Deleted member 109224

Considering how it has the same internal borders (with the exception of Texas having Greer County), it looks like the US gobbles up these territories sometime after 1890, or following the Civil War at the earliest.

Maybe...
1) Liberia doesn't vote to be independent.
2) The US accepts the annexation of Yucatan
3) Texas goes neutral in the Civil War in exchange for Greer County and the US Civil War is shorter. The US thus has a larger population.
4) The Canadian Confederation fails, instead there being a Maritime Confederation and a United Province of Canada. This isn't that implausible considering the Canadians more or less invited themselves to confederation discussions OTL. Without a Canadian Confederation there's no trans-Canadian railroad and the US absorbs western Rupert's land (Alberta, Sasketchewan, Northwest territories of OTL) and British Columbia (who chose Canada over the US due to railroad promises). They also support Riel's rebellion, and Manitoba/Assinioba becomes independent US-aligned polity
5) In 1867 the US ambassador to Venezuela proposed annexing the country. Maybe the US does that here.
6) The Annexation of Santo Domingo goes through under Grant
7) The US grabs Puerto Rico and Cuba from Spain a bit earlier, maybe the 1870s
8) When the US intervenes to back Panama against Colombia, it instead ops to just invade Colombia and annex a chunk of the place. In order to make the Colombians feel better, they give them the Venezuelan interior.
9) The US sides with the Central Powers (butterfly net being used here) and grabs Britain and France's colonies in the great war. It annexes Canada, Acadia, and the caribbean colonies. It proceeds to bully Assinioba into joining the US. Assinioba is admitted as two states - Manitoba and Kenora. Plus the US grabs Sierra Leone.
10) Somebody convinces the Danes to sell greenland along with the Virgin Islands during WW1.
11) The Mexican Revolution is far messier and a lot more Mexicans move to the US. Between the US occupying large chunks of Mexico and many Mexicans in the US coming to appreciate their new country, the US somehow annexes Mexico.
12) Power-hungry Americans looking at an incomplete map say to hell with it and invade Central America and Haiti in the 1920s.

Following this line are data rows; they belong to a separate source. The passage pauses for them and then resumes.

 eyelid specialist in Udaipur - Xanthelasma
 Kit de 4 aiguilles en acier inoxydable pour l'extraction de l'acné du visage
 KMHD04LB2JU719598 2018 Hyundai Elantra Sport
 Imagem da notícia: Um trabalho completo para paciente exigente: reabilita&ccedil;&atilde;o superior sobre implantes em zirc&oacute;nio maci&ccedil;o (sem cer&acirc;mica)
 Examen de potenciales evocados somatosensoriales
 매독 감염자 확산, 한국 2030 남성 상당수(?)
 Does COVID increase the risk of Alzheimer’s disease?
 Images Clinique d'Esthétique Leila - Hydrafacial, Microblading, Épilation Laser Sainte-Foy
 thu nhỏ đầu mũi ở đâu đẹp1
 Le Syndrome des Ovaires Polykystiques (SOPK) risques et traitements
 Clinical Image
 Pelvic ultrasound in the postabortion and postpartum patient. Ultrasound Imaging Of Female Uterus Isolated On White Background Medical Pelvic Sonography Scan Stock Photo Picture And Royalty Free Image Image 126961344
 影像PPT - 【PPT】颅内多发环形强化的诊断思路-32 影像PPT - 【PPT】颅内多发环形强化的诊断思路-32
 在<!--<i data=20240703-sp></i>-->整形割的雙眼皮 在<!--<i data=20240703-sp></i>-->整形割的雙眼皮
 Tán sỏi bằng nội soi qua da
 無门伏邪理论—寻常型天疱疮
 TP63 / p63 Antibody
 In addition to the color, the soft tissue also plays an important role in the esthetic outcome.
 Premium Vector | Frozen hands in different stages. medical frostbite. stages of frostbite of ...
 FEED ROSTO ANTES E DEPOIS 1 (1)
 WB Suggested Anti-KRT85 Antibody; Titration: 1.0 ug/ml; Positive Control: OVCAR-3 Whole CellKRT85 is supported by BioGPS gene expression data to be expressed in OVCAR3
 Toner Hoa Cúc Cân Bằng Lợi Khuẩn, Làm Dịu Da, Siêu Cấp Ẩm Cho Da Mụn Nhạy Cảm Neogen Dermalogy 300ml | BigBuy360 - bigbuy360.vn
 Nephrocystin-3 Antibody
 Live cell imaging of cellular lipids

the general politics of the US must be jingoistic as hell and far less racist for all of this to happen.
 
I feel a little silly for asking this, but I'm having trouble reading the name of the state that's between Canada and Manitoba. Could someone please clarify it for me?
 

Lusitania

Donor
Cool map but ASB. I will leave how US gets those territories in first place for others but the northern states would never happen. Even Canada does not consider those areas strong and populated enough to be provinces. You have 6 states with a total of less than 1 million people together. No way the US congress admit them as states. Oh did I mention 3/4 of the population in those states are native Americans. Some of them only accessible by air.